→ **ASSIGNMENT**: Retype exactly every line from the one that includes "Cuerpo transparente Bittydesign" through the final line of the listing, both ends kept, and omit the pictures.

→ **DATA SHOWN**:
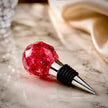 Handmade Ruby Red Resin Wine Stopper - Silver Leaf Detail - Stainless Steel Base - Gift Box Included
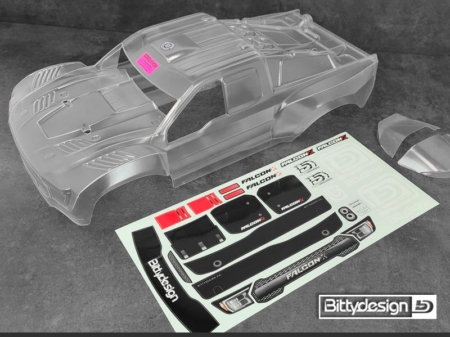 Cuerpo transparente Bittydesign FALCON-X 1/7 para ARRMA Mojave 6S BLX, precortado, 1,5 mm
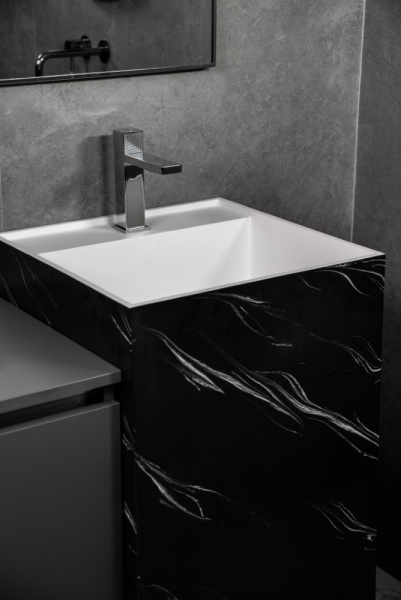 Раковина напольная Cube Corian 480*480*850 Nero Marquina 802-NM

→ **RESULT OF THIS TASK**:
 Cuerpo transparente Bittydesign FALCON-X 1/7 para ARRMA Mojave 6S BLX, precortado, 1,5 mm
 Раковина напольная Cube Corian 480*480*850 Nero Marquina 802-NM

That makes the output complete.